D’une certaine manière, l’image d’un monde d’infra-êtres existe déjà dans notre culture: c’est le monde des dieux de l’Antiquité et celui des mythes. Aux yeux des hommes, les dieux antiques étaient amoraux: capricieux, jaloux, menteurs, enclins aux complots.

Aucun d’eux n’était saint ni irréprochable selon les critères humains. Pourtant, ils avaient leur propre hiérarchie, fondée sur la force et sur les accords. Le dieu suprême (Zeus, Odin, etc.) maintenait son pouvoir davantage par un équilibre de crainte et de ruse que par une autorité morale. En réalité, le panthéon était une oligarchie d’infra-entités, où chacun était puissant et où personne ne pouvait être digne de confiance.

De la même manière, on peut imaginer un «infra-État» — une société où règnent des surhommes froids, dépourvus de morale. Comment maintiendraient-ils l’ordre? Peut-être de façon purement technologique — par un contrôle total, le chantage, la neutralisation des indésirables.

Hors personnalité — donc sans ambitions personnelles au sens habituel — mais demeure la volonté de puissance, entendue comme l’aspiration à réaliser ses objectifs de la manière la plus efficace. Une telle volonté, libérée de la conscience morale, pourrait mener soit à une guerre éternelle de tous contre tous, soit, au contraire, à une tyrannie paradoxalement stable, où l’élite des infradominants place les autres devant l’alternative: soit vous obéissez en échange de certains avantages, soit c’est la destruction.

Dans un tel infra-société, il n’existerait pas de notion de légitimité, car la légitimité du pouvoir est une convention fondée sur une reconnaissance partagée (par exemple le droit moral du souverain ou la loi). L’infradominant n’a pas besoin de reconnaissance — il lui suffit du fait de sa supériorité.

L’exemple le plus proche peut être celui de la communauté des clans mafieux: la mafia possède ses propres «codes» (code d’honneur), mais vis-à-vis du monde extérieur, elle est amorale. À l’intérieur, la hiérarchie repose sur un équilibre de peur et d’intérêt, et le «don» suprême n’est pas le plus vertueux, mais le plus calculateur et impitoyable.

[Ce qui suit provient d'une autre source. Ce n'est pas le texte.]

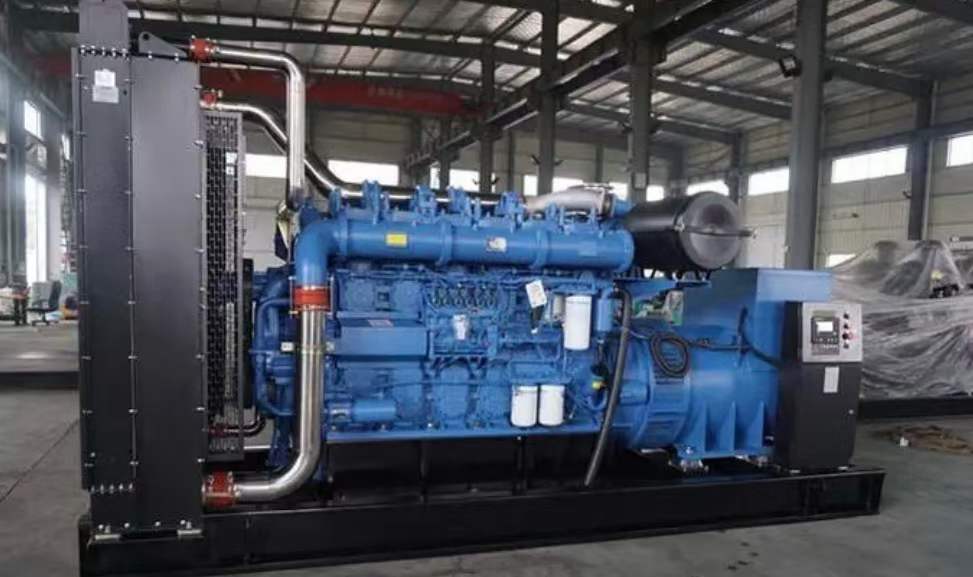 和政800kW 柴油发电机的输出电流是恒定的吗?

Si l’on tente d’imaginer des niveaux d’infra-êtres, on peut parler:

des infra-hommes (individus isolés, sortant de la morale mais dissimulés parmi les hommes),

des infra-héros (des êtres dotés de capacités ou de ressources particulières, qu’ils utilisent hors de toute contrainte morale — par exemple un milliardaire impitoyable, un dirigeant de l’ombre, un terroriste génial et insaisissable), et enfin,

des infra-dieux — des êtres possédant déjà une puissance véritablement divine, mais absolument détachés de toute éthique.

Cette dernière catégorie est la plus effrayante que l’imagination humaine puisse concevoir. C’est précisément la peur d’une force absolument autonome qui est à la base de nombreux mythes. L’«Antéchrist» apocalyptique dans la religion, l’Intelligence Artificielle impitoyable dans la science-fiction, le maniaque tout-puissant qui veut détruire le monde — toutes ces figures inspirent la terreur parce qu’elles montrent une puissance sans conscience.

Dans la vie ordinaire, l’homme espère toujours que même l’être le plus puissant obéit «au fond de lui» à quelque chose — à la loi, au sentiment moral, à Dieu… Mais l’infra-dieu n’est le serviteur ni de Dieu ni de l’homme. Il est un maître qu’aucune force extérieure ni intérieure ne peut dompter.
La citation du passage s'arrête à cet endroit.